___ Data provided ___

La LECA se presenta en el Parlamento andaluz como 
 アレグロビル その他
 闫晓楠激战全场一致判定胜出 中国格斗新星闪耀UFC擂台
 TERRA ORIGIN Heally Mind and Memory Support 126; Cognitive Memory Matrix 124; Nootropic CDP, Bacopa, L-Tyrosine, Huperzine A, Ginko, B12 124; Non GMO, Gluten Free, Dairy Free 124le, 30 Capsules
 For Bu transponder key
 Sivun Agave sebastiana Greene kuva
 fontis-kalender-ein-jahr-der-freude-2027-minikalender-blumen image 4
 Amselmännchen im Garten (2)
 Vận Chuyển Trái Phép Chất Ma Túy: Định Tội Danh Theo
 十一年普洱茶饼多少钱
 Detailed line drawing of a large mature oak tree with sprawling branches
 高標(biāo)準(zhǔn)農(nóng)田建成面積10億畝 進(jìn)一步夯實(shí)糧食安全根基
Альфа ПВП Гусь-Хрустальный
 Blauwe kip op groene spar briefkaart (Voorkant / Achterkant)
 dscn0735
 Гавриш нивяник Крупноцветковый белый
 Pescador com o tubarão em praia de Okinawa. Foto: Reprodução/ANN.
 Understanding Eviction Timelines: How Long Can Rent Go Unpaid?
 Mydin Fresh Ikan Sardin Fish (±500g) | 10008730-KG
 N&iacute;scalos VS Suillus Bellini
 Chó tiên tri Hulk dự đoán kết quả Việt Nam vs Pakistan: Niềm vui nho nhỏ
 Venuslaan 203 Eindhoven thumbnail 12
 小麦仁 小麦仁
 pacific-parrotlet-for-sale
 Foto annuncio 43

___

## Directions for this task
Wherever a line in the data above holds the word "Foto", copy that line.

## Answer for this exercise
 Pescador com o tubarão em praia de Okinawa. Foto: Reprodução/ANN.
 Foto annuncio 43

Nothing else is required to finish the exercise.